Mr. Miha Jagodic, CEO and co-founder of Bloq.it, shared invaluable insights into his company’s remarkable growth at Web Summit Lisbon 2025. Bloq.it specializes in smart parcel locker technology, a solution that has become increasingly prevalent. Headquartered in Lisbon, the company’s six-year journey is distinctly split into two three-year phases, each presenting unique challenges and triumphs.

The latter three years marked a period of hyper-growth for Bloq.it, earning it recognition from Deloitte as one of Europe’s fastest-growing companies. During this time, Bloq.it generated over €150 million in revenue and dramatically expanded its workforce from 1.5 to 350 employees. They also successfully closed one of the largest Series B investment rounds for a Portuguese-based company, now processing over 100 million parcels annually.
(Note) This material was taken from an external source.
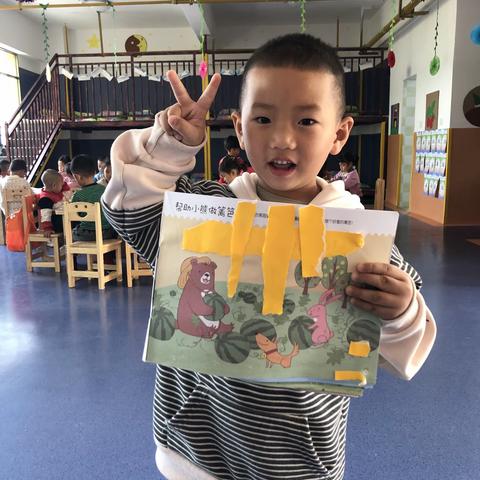 芒市遮放镇弄坎恩慧幼儿园小一班————快乐阳光的小朋友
The initial three years, which Mr. Jagodic candidly described as the “tuna can period,” were fraught with difficulties. As first-time founders, the team navigated a market where parcel lockers were not yet mainstream. The high costs associated with developing hardware and software, alongside deployment and maintenance, made securing early-stage funding a significant hurdle, reflecting common startup struggles.

Mr. Jagodic offered crucial advice for aspiring entrepreneurs. His first key takeaway emphasized the importance of unwavering focus and consistency. He urged founders to “stick to the plan,” cautioning against premature pivots. He stressed the necessity of giving a strategic direction ample time to demonstrate its potential before making drastic changes.

The second vital lesson revolved around smart fundraising. Bloq.it strategically avoided raising capital when in desperate need, instead opting to secure investments during opportune moments. This approach involved keeping investors well-informed, fostering a mutual understanding that allowed for fair and equitable terms for all parties involved in the funding rounds.

The third piece of advice, “slay dragons,” highlighted the importance of addressing problems proactively while they are still manageable, preventing them from escalating. Finally, Mr. Jagodic underscored that it is “never too late to work on the fundamentals” of a company. This includes being prepared to make organizational changes and ensuring the right talent is in the correct roles, recognizing the long-term impact of today’s decisions.